SMC energy unit’s debts flagged anew
The Detroit-based group warned that without an immediate pivot to renewable energy, the company ‘risks further locking in exposure to global fossil fuel prices’
San Miguel Global Power Corp., the energy unit of conglomerate San Miguel Corp., received another profit alert, this time from global think tank Institute for Energy Economics and Financial Analysis.
The Detroit-based group warned that without an immediate pivot to renewable energy, the company “risks further locking in exposure to global fossil fuel prices.”
It cited SMC’s “overexposure to fossil fuels” that has “weighed negatively on the financial health of SMGP in recent years, highlighting risks to its expansion strategy focused heavily on coal and natural gas projects.”
A new IEEFA report said the shift from coal to more expensive liquefied natural gas could hinder SMGP’s ability to meet growing financial obligations.
“As the largest power generation company in the Philippines, SMGPH should be well positioned to benefit from the country’s accelerating shift to renewable energy,” Sam Reynolds, the report’s co-author and LNG/Gas research lead at IEEFA, said.
He cautioned, however, “without an immediate, material pivot to renewables, IEEFA believes the company is at risk of locking in financial instability caused by overexposure to volatile fossil fuel prices.”
Late last year, Fitch Ratings research unit CreditSights also flagged the company stating the rising interest and debt payments of mainly SMGP, that may also affect key projects of the company.

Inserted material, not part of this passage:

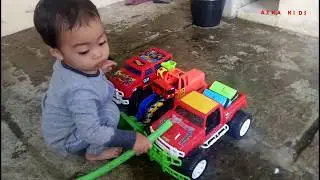 AZKA MANDIIN MAINAN MOBIL || MOBIL BUS TAYO || JEEP || MOBIL TRUCK | ESCAVATOR|BEKO|MOBIL POLISI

“Given the worsening financial profile of SMC Global Power, any concerns over its hypothetical default raise fears of triggering a cross-default on SMC,” the report said.
The highly-leveraged operation of the Asian conglomerate was also a concern raised by Bloomberg Intelligence which indicated that it may impair the ability of the parent to come to the rescue of its subsidiaries in a financial fix.
“SMGP investors should tread cautiously,” co-author of the report Hazel James Ilango, an IEEFA energy finance analyst, said.
“The company’s elevated net debt-to-earnings, potential difficulties meeting financial obligations, and high fossil fuel exposure create additional risk of devaluation, particularly in the long term,” she added.
SMGP aims to complete 1,900 megawatts, or MW, of new coal capacity and 1,313 MW of new gas-fired capacity by 2025, with more than 10,000 MW of proposed gas-fired capacity.
The company also plans to complete 800 MW of solar capacity and 1,000 MW of battery storage capacity in three years.
The IEEFA research said despite a 2018 goal to complete 10,000 MW of renewables capacity by 2028, the company does not yet own any operational wind or solar assets.
“As a result of its ambitious expansion plans, SMGP has increased its capital expenditures dramatically, funded largely by increased loans, bonds, and issuances of perpetual securities,” Ilango said.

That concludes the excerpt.